Off and on she came over through the summer, but never attempting to pick him up again, nor trying anything as she has done this summer. I am ready to move, or if I could catch her at her house, the very least I will do is speak to her mother or father. I don't want her near me after I have this baby. I can just imagine her walking in as I am nursing my baby in the privacy of my own home! Ugh! Guess I will have to keep the doors locked and the blinds closed on my windows to keep snoopers from being to curious!


Comments: 11
i have a friend whose kids are seriously holy terrors around her. they acted that way around me as well until i joined in on the play time and showed them how we act in our house. now they are angels with me and terrors with their mother. when you show kids that there are boundaries and they can't play there if they don't follow the boundaries, more than likely the children will mind the rules. and sometimes going to the parent won't do any good, especially if there isn't any discipline or active parenting to begin with. so my suggestion is to start with the girl, and if it doesn't work ask her not to come around if she can't follow your rules. good luck.
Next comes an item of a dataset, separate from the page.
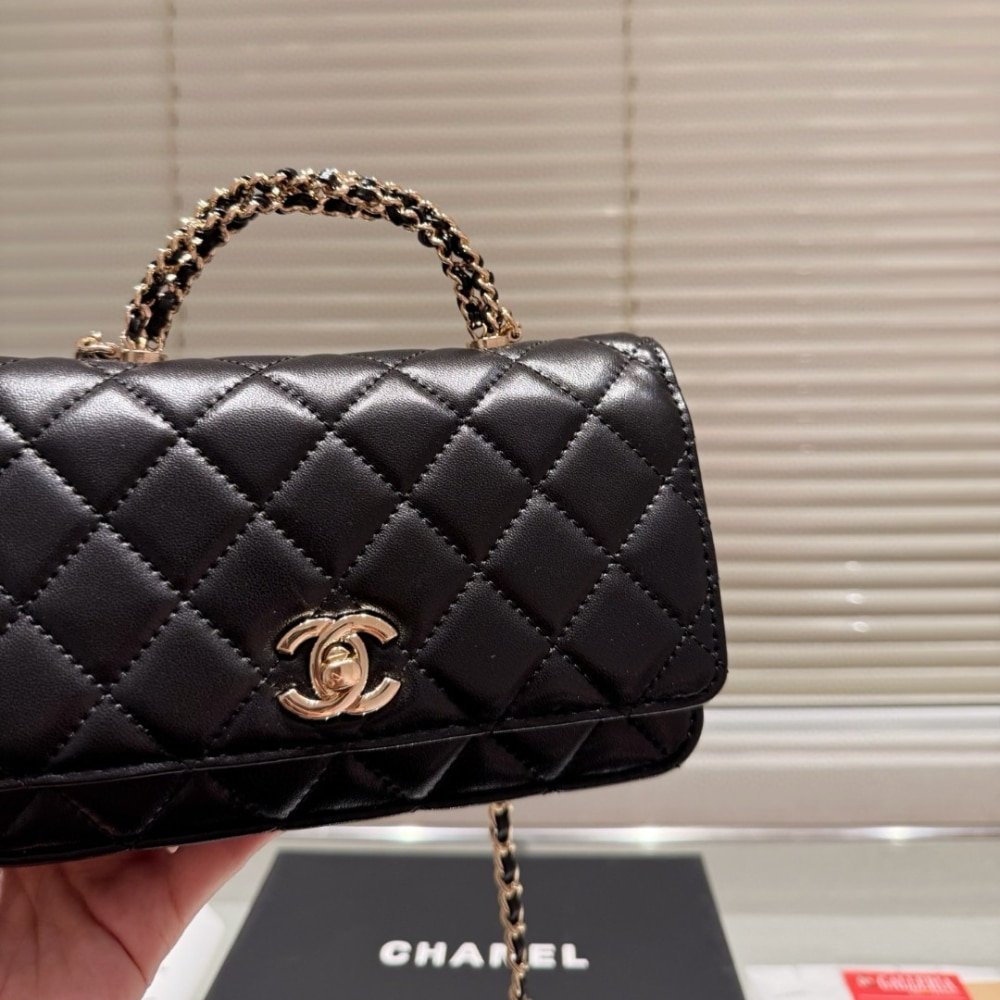 Ch**el Classic Mini Flap With Chain Handle Black 19Cm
My next door neighbor (who has a 9 and 4 year old daughter) has also dealt with this girl. She crashed the 4 year old's birthday party a few weeks ago. They had a couple of friends over with same aged children and pizza (we were home but weren't invited over because we had company already). Samantha came over and just invited herself (although there was no others her age besides my neighbors older daughter) and kept asking for pizza. My neighbor, Tonya, was leary of giving her anything for fear of allergies. But the girl was persistent, so she finally gave in. Samantha even had the nerve to walk into Tonya's house, get her phone, call her mom then try to hand the phone to Tonya and tell her to tell her mom she could stay for the party! Wow! I would have loved to handle that situation. At least then I would have some info on her mom and maybe an address.
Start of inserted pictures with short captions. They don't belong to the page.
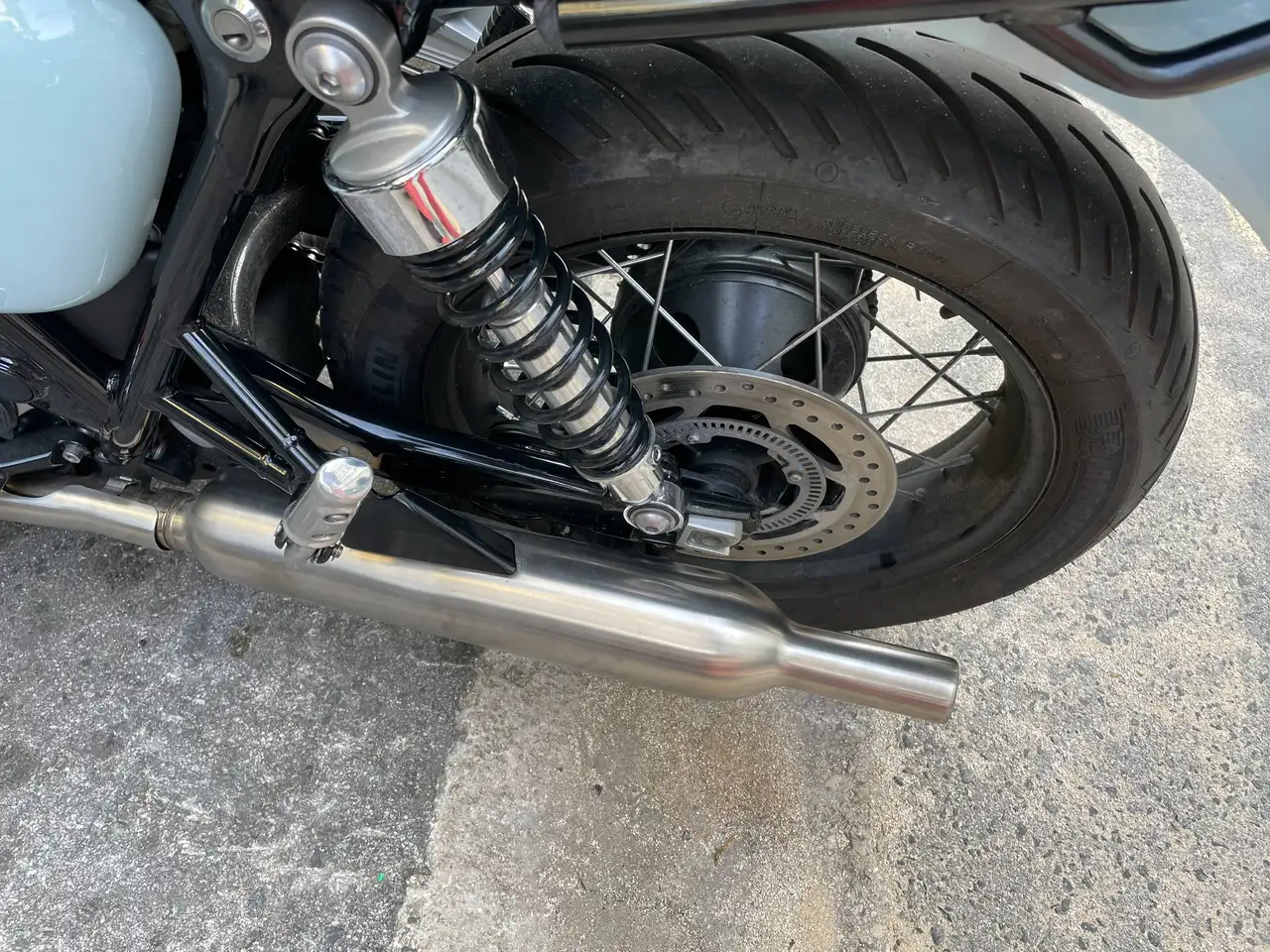 Triumph Bonneville T100 - Vista 6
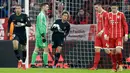 Pemain Paris Saint-Germain, Kylian Mbappe merayakan gol ke gawang Bayern Munchen pada matchday keenam Grup B Liga Champions di Stadion Allianz Arena, Rabu (6/12). Kendati kalah 1-3, PSG tetap keluar sebagai juara Grup B. (AP/Matthias Schrader)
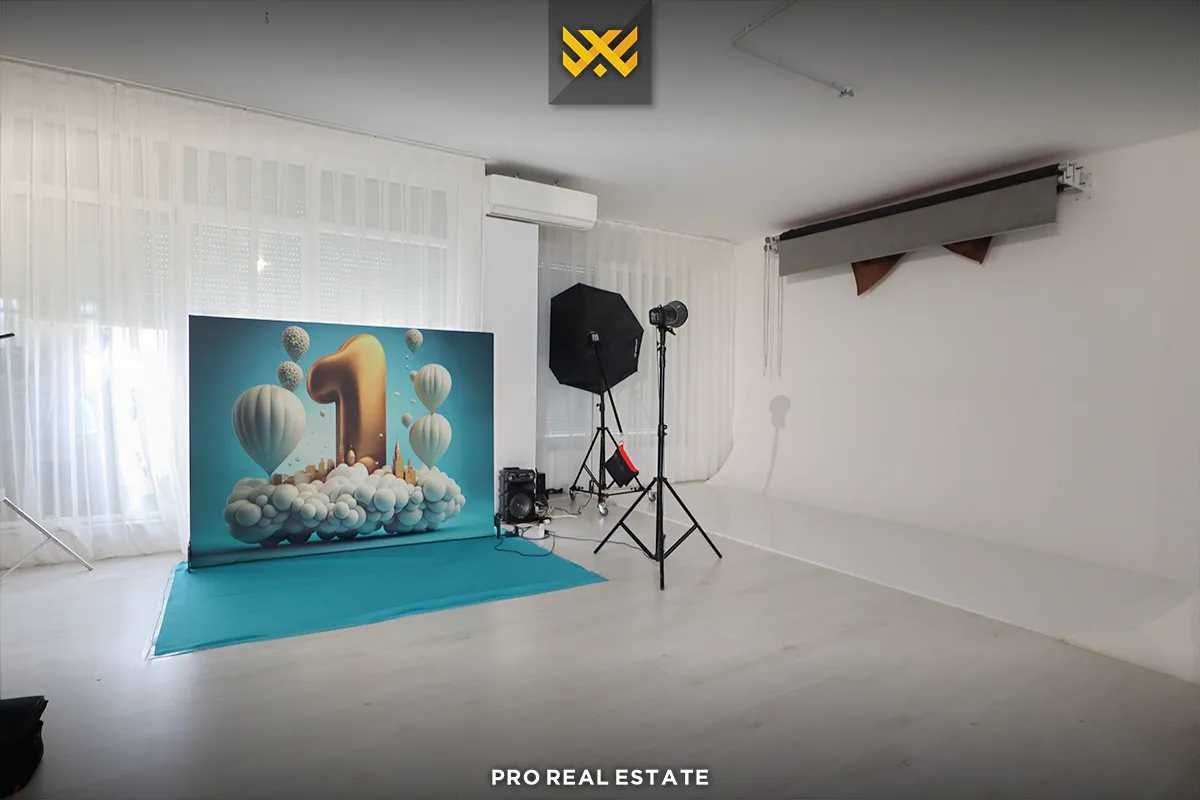 Banesë / Zyrë 299m² me #QIRA në Veternik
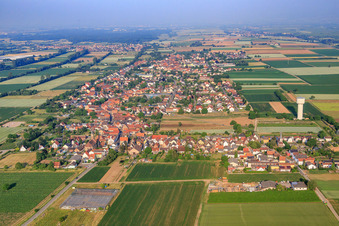 Vue aérienne de Vue de la ville depuis l'est avec le château d'eau à le quartier Niederlustadt in Lustadt dans le département Rhénanie-Palatinat, Allemagne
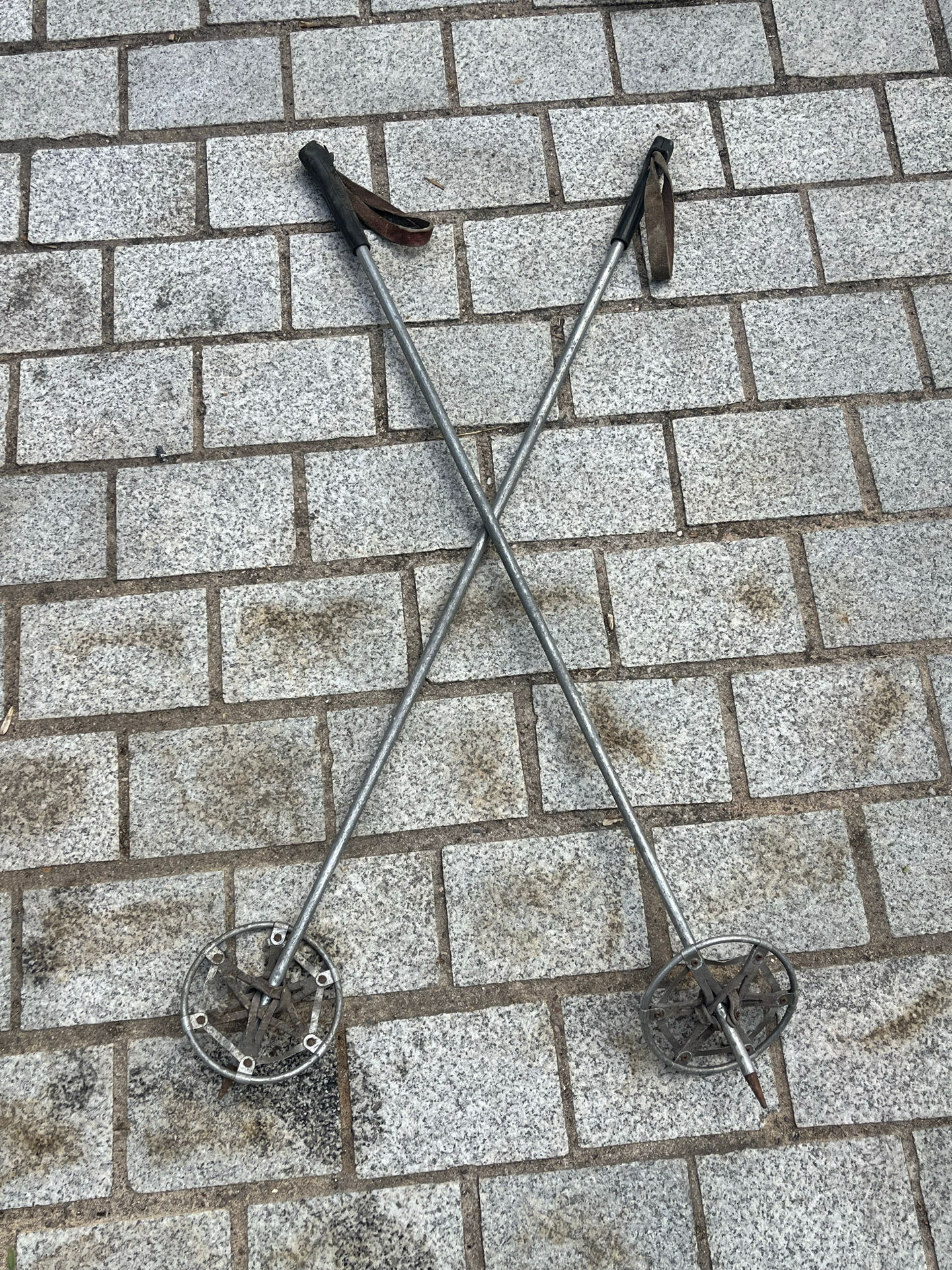 Paire de bâtons de ski anciens en métal L=122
Something definitely needs to be done and soon, before I lose all patience.
Yes, I do see potential. There must be something about me and/or my kids that she wants to be at our home. And I do appreciate that. I want to do something to help her. But I almost feel like my children are no longer safe in their own yard for fear of her coming 'round to harm them (yes, I know, unintentionally).
Right now, with 4 weeks left to go in my pregnancy, my hormone levels are up and down. I feel like I have enough to deal with on most days just with my own kids.
But, I am looking into doing things with her. We have some Vacation Bible School clubs in local neighborhoods this summer, and I want to invite her to one when it's near. I, of course, will need to speak to her mother about it first, and until I have information on when and where it's to be held, I can't invite. And, too, if it falls while I am in the hospital (give or take a day or two) then I can't take her.
I will try my hardest to reach out to her, but I don't want her to feel like I am trying to take her mom's place.